- [About this task] Only the lines from the line with "Holzschnitt Rouault - Crucifixion" through the end of the records belong in your reply, copied exactly, with every picture left out.

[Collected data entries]

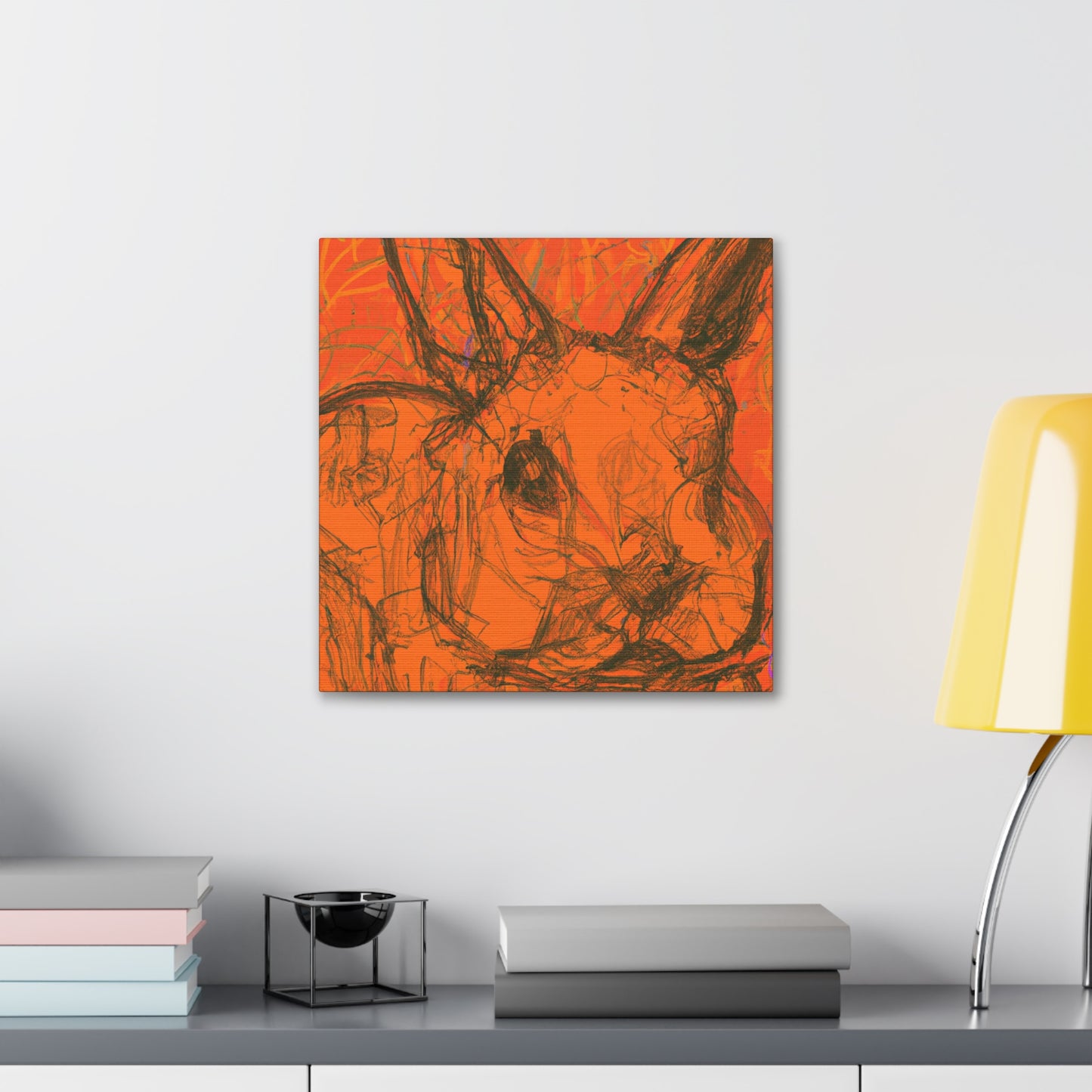 Rabbit's Digital Dreamscape - Canvas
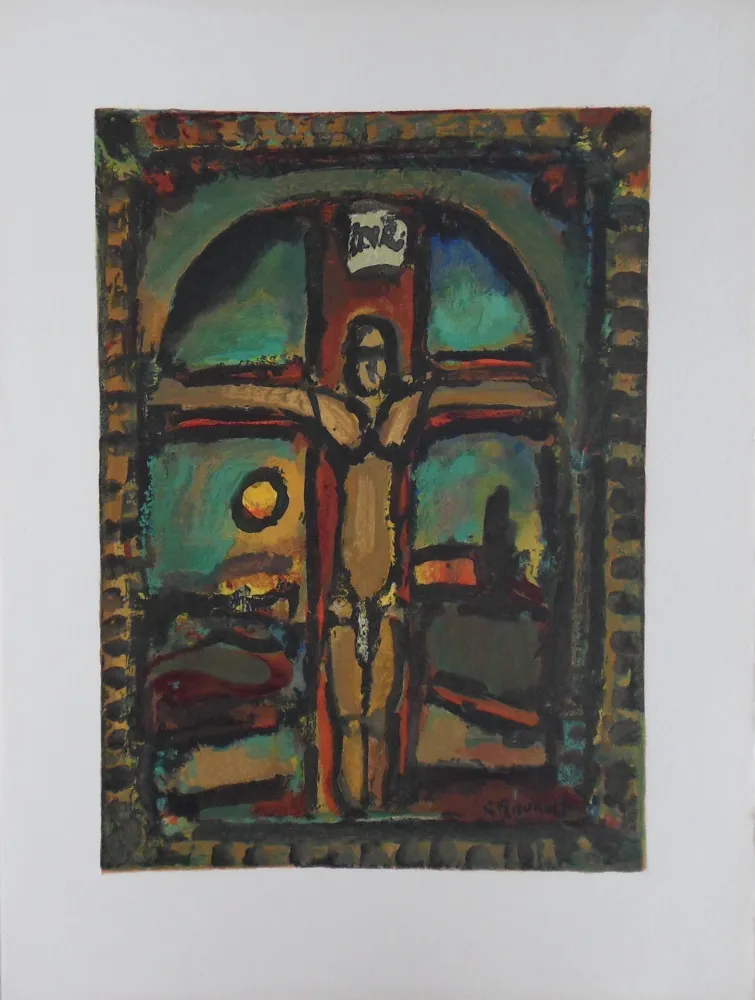 Holzschnitt Rouault - Crucifixion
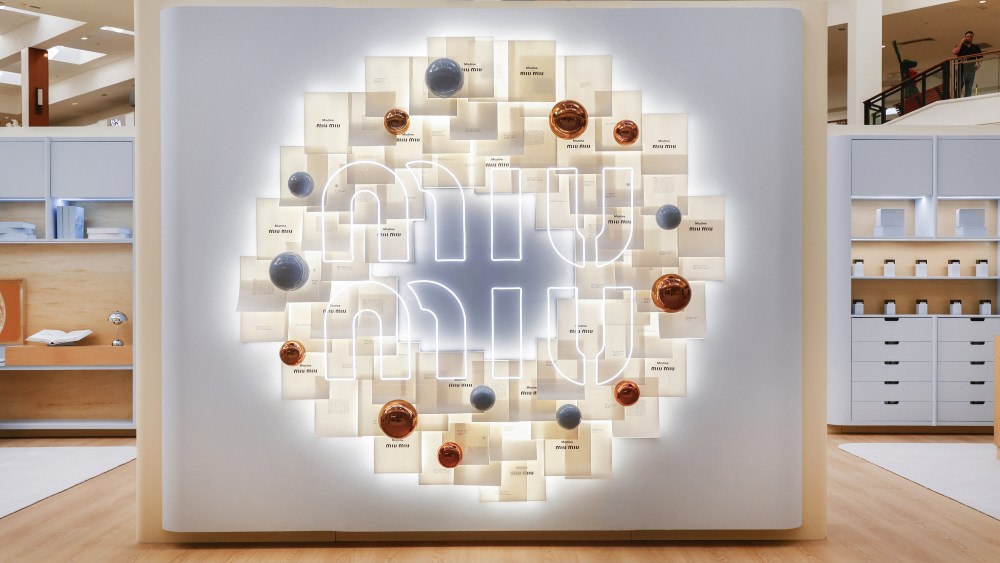 Miu Miu pop-up Miami Aventura mall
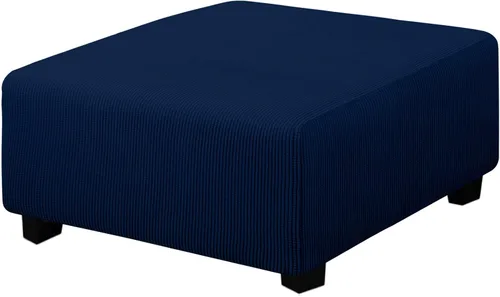 Vista 142 de Easy-Going Funda Elástica para Otomana Taburete de Almacenamiento Plegable Protector de Muebles Funda Rectangular Suave con Parte Inferior Elástica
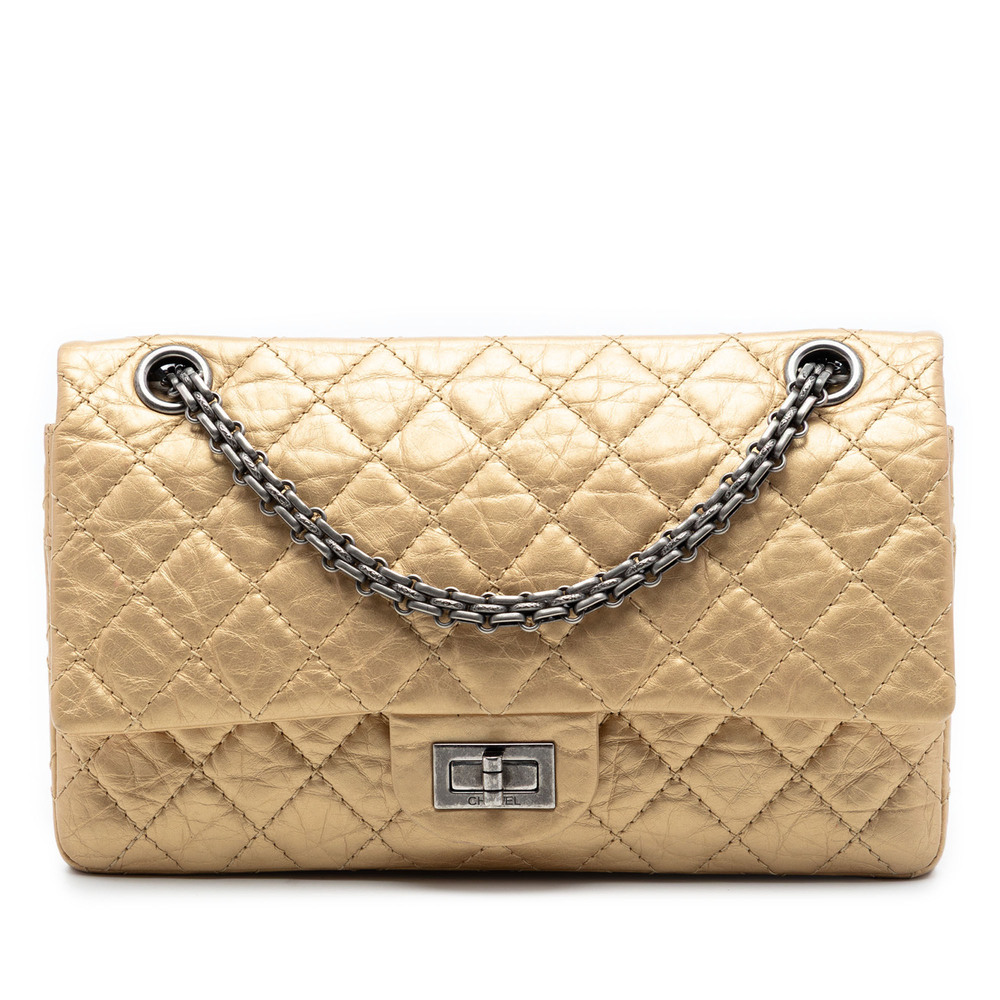Pre-Loved Chanel Quilted Aged Calfskin Reissue 2.55 Double Flap 225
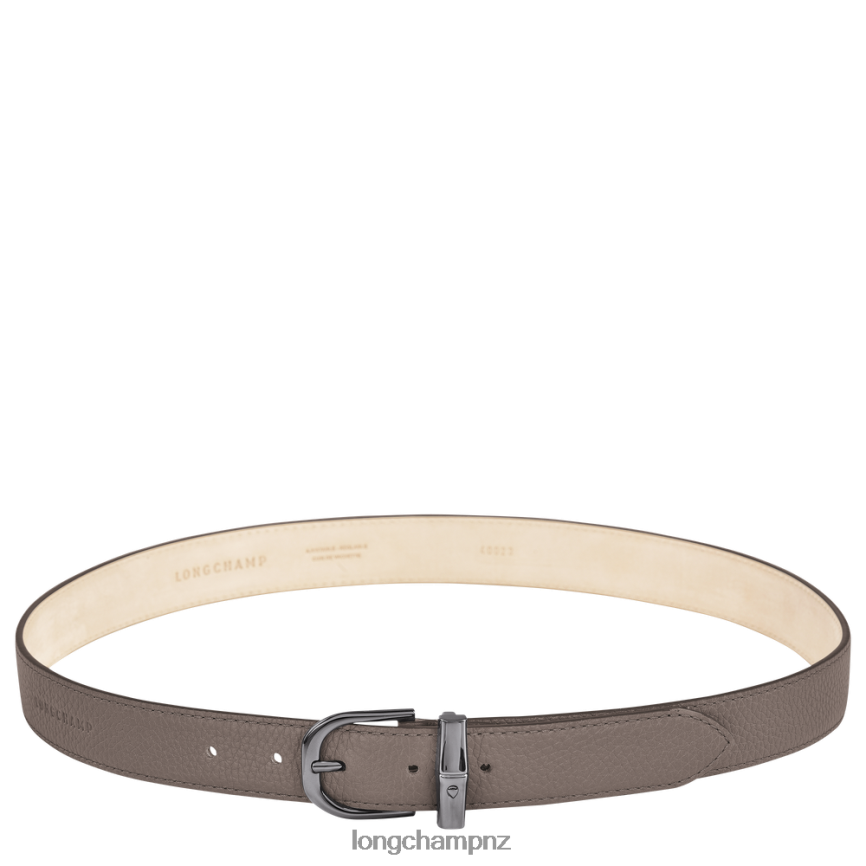 Women Grey Longchamp Roseau belt Accessories L06408913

- [Exercise output]
 Holzschnitt Rouault - Crucifixion
 Miu Miu pop-up Miami Aventura mall
 Vista 142 de Easy-Going Funda Elástica para Otomana Taburete de Almacenamiento Plegable Protector de Muebles Funda Rectangular Suave con Parte Inferior Elástica
Pre-Loved Chanel Quilted Aged Calfskin Reissue 2.55 Double Flap 225
 Women Grey Longchamp Roseau belt Accessories L06408913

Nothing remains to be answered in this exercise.